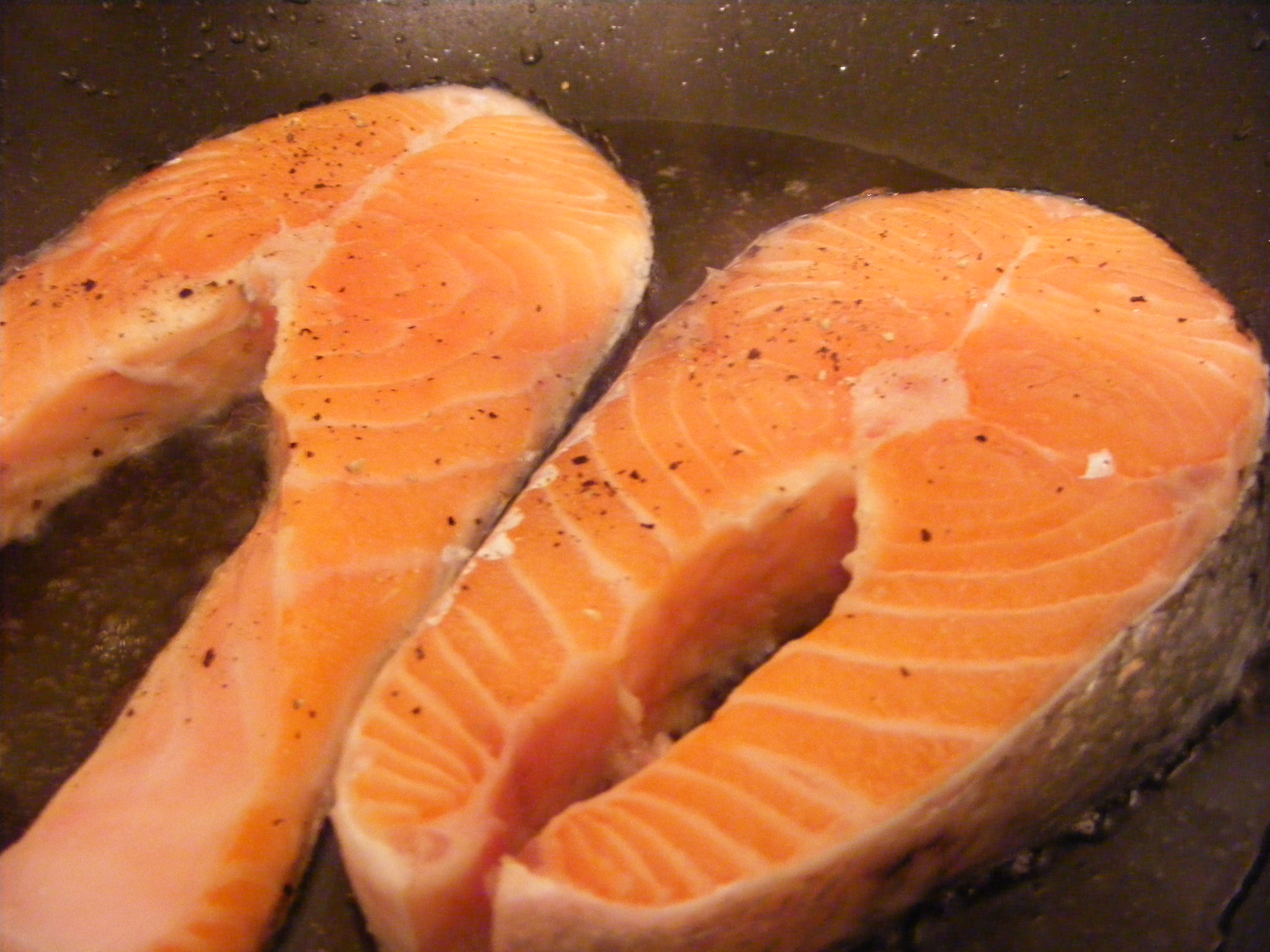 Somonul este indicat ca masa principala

───

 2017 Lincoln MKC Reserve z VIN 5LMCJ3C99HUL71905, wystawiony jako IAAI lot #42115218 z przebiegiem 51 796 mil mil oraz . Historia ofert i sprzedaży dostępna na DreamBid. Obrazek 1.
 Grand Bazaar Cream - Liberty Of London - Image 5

───

Reproduce exactly, and with no other material, the lines between those holding "2017 Lincoln MKC" and "Grand Bazaar Cream", inclusive.

> **Finished exercise**
 2017 Lincoln MKC Reserve z VIN 5LMCJ3C99HUL71905, wystawiony jako IAAI lot #42115218 z przebiegiem 51 796 mil mil oraz . Historia ofert i sprzedaży dostępna na DreamBid. Obrazek 1.
 Grand Bazaar Cream - Liberty Of London - Image 5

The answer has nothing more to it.